THE average district attorney, said Henry T. Lummus in his classic ''The Trial Judge,'' is like a man with only a revolver facing an angry mob. Lummus, himself a judge, was not trying to glorify prosecutors. His simile referred to the fact - as true today as when Lummus wrote 50 years ago - that if anyone indicted for a crime went to trial, the courts could not possibly keep ahead of the tide.
As a group, therefore, defendants are like Lummus's mob. The district attorney holds them at bay not with force but with his power to decide the chronological order in which cases will come up for trial.
Just as a crowd member hesitates to rush an armed man, out of disinclination to be the lone casualty, defense lawyers do not insist on trial, en masse, because they would rather not face the certainty of giving up a chance at negotiating a sentence. That, among other reasons, is why 85 percent of indictments end in voluntary pleas of guilty.
The right to decide which indictments will be brought on for trial, and the sequence of the trials, is part of a broad range of discretion which district attorneys have traditionally possessed.
Besides the timing of the trials, ''prosecutorial discretion'' covers such issues as whether to bring a complaint to a preliminary inquiry or a probable-cause hearing; whether to seek an indictment from the grand jury (and for what offenses); whether to agree to a reduction of charges in exchange for a guilty plea to a lesser offense; and whether to dismiss indictments voluntarily.
If Massachusetts is any example, American prosecutors have always enjoyed exceptional independence in the administration of criminal justice.
Although judges control the actual trials and the sentences imposed on the guilty, the prosecutor has traditionally answered not to the court but to the public which elected him directly (or which elected the official who appointed the prosecutor).

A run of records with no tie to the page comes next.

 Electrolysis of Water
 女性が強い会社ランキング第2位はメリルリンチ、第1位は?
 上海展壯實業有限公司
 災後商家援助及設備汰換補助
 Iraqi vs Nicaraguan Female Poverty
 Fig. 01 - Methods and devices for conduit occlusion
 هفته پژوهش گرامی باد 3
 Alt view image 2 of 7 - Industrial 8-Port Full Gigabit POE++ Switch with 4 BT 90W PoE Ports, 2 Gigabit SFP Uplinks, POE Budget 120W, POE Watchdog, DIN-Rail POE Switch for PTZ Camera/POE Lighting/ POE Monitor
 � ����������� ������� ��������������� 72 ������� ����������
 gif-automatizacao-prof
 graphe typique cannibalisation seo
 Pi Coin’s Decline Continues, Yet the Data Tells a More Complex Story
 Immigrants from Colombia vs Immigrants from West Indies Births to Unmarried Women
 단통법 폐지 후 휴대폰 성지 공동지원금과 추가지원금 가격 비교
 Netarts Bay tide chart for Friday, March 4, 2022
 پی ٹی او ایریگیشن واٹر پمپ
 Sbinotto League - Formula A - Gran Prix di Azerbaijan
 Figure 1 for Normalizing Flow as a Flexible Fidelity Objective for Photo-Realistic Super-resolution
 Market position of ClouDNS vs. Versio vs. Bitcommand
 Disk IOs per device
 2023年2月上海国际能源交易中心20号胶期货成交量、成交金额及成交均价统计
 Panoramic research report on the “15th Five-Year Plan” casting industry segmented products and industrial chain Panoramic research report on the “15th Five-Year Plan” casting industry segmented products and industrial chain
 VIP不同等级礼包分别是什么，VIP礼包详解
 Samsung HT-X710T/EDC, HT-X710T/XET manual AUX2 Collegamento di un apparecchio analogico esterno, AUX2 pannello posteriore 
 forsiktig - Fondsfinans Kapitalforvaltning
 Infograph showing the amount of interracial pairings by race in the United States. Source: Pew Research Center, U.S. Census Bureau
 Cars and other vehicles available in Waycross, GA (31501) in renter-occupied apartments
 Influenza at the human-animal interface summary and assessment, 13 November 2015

Besides whatever limitations on prosecutorial discretion may result from public opinion and the prosecutor's desire for reelection, a new development is beginning to restrict the district attorney's freedom and is subtly affecting the judge-prosecutor relationship.
By statutes and rules promulgated with the force of law, the courts - federal as well as state - are being required to limit the interval between indictment and trial. Of course, the Sixth Amendment has always guaranteed every defendant a ''speedy'' trial. Now, however, the Constitution's vagueness has received precise time limits.
The Massachusetts disposition is typical. Excluding certain narrow delays, trial must commence within one year after the defendant has been arraigned (that is, pleaded not guilty). If not, the defendant ''shall be entitled upon motion to a dismissal of the charges.''
This rule has two consequences:
First, no matter how heinous the crime, no matter how strong the government's evidence, if the magic date arrives before trail commences, the defendant walks free.
Second, he walks because a judge must allow his motion; even though the delay lies wholly at the prosecutor's door, the headlines might well read: ''Judge Frees Accused Murderer; Defendant's Motion Allowed.''
Judges, whether life-appointed or (especially) obliged to stand for reelection, dislike being publicly blamed for other people's mistakes. They experience particular discomfort when required to serve as unwilling shields for another public official's miscue.
Thus despite the long tradition of unfettered prosecutorial discretion, trial courts are beginning to assert a more direct control over the pace of criminal prosecutions.
The district attorney can still determine who gets indicted, and for what crime. Thereafter, the speed with which cases move forward and the order in which they come up for trial will rest with the judge.
Henry Lummus's embattled district attorney no longer faces the mob alone.